Eman said:
In the first problem with the ages, I found the ages are 3, 5, and 15. (I used a program to figure this out.)
How would I go about figuring this out with the information given?
From post #10 use the following :
#1. sum = 23
#2. sum of squares = 259
#3. sum of pairwise products = 135, an odd number.
First sum = odd means you must have (a)1 odd + 2 evens OR (b)3 odds. Now, case(a) can be eliminated by using fact #3, since in that case, all the pairwise products (oe, oe, ee) will be even.

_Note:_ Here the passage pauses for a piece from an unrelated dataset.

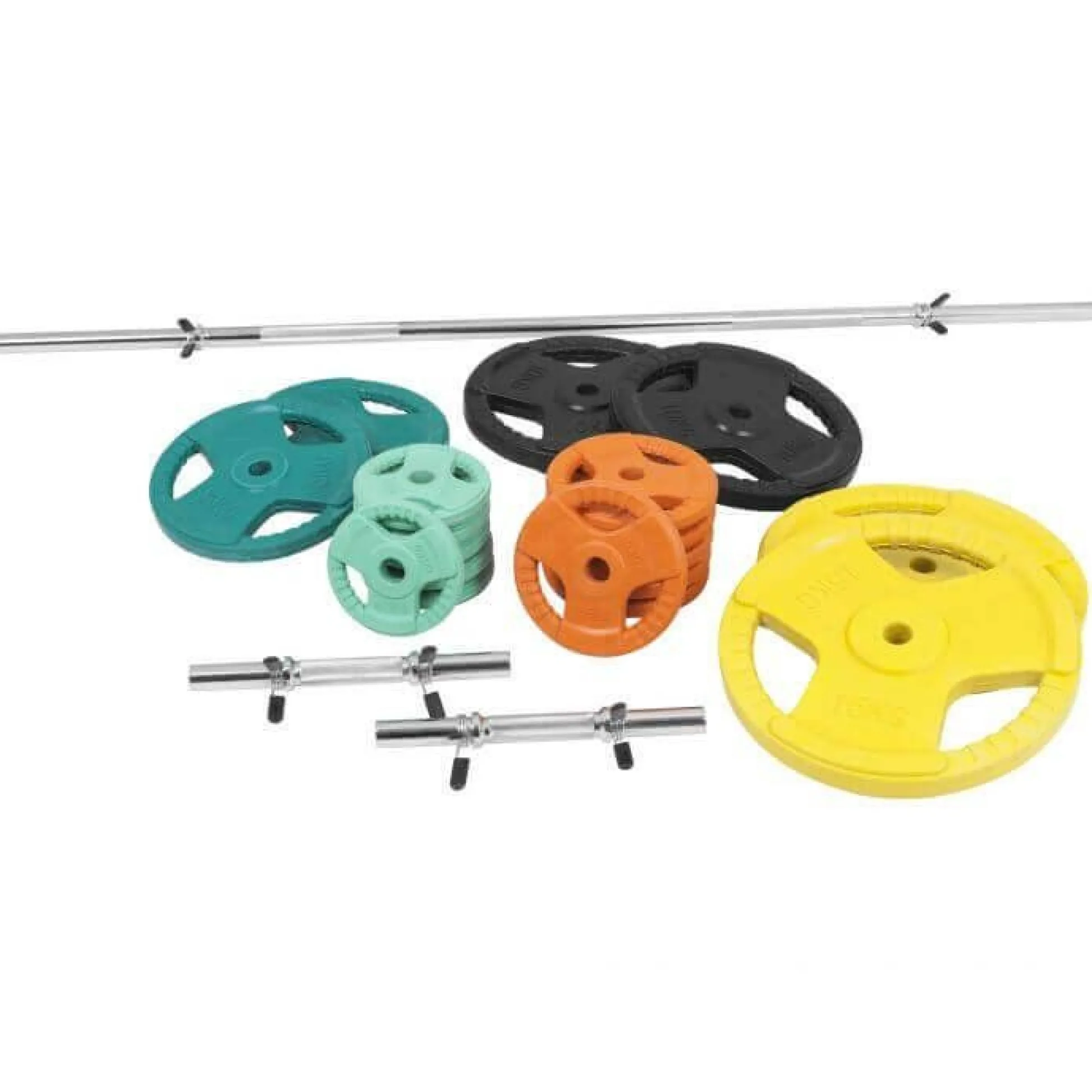 Gorilla Sports Langhantel Set Gummi Gripper 100 kg mit Verschlüssen Verschieden Outlet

So, we are looking for 3 odd numbers.
Next use the fact that the for a given sum (or perimeter of cuboid) the sum of squares (or length of body diagonal) is minimized when the numbers are equal (when the object is a cube).

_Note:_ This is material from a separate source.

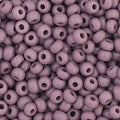 Close-up of Preciosa 11/0 Czech glass seed beads in opaque mauve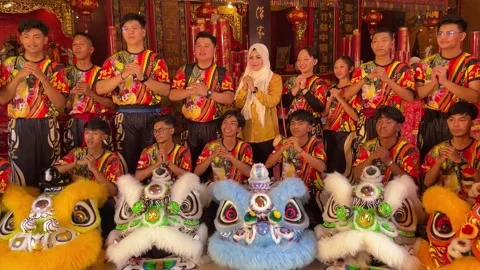 Praying during Chinese New Year on Feb 9, 2024 in Banjarmasin, Indonesia. Stock Footage 288432155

So, in this case given that sum =23, if the numbers were roughly equal, the sum of squares would be less than 200 (64+64+49 = 177), but this is actually much larger (259). So we must consider extremely unequal numbers. So one of the following cases must be true : (i) 1 number much less than 8 and 2 numbers greater than 8, OR (ii) 1 number much greater than 8 and 2 numbers less than 8. Now we can eliminate most of case (i) through the following reasoning :
sum of squares of the 2 larger numbers < 259...so the only allowed pairs are (9,9), (9,11), (9,13), (9,15), (11,11). All other pairs are eliminated. It's simple to go through these 5 cases and see that none of them work.
Now you are left with case (ii). Clearly, the maximum value of the largest number is 15 since17^2 = 289 > 259. And since we want an extreme case, we start with (15,y,z) followed by (13,y,z) and (11,y,z) - this last case being pretty unlikely. For the first case, y+z = 23-15 = 8. So possibilities are (1,7) and (3,5). Clearly, the first pair fails but the second works.
So, were are through...the solution is (15,5,3).
In your code, you would have x = 1..21, y = 1..22-x , z = 23 - x - y - a total of 210 computations. Notice that we had to make only 6 computations (of wrong sets) before finding the correct set.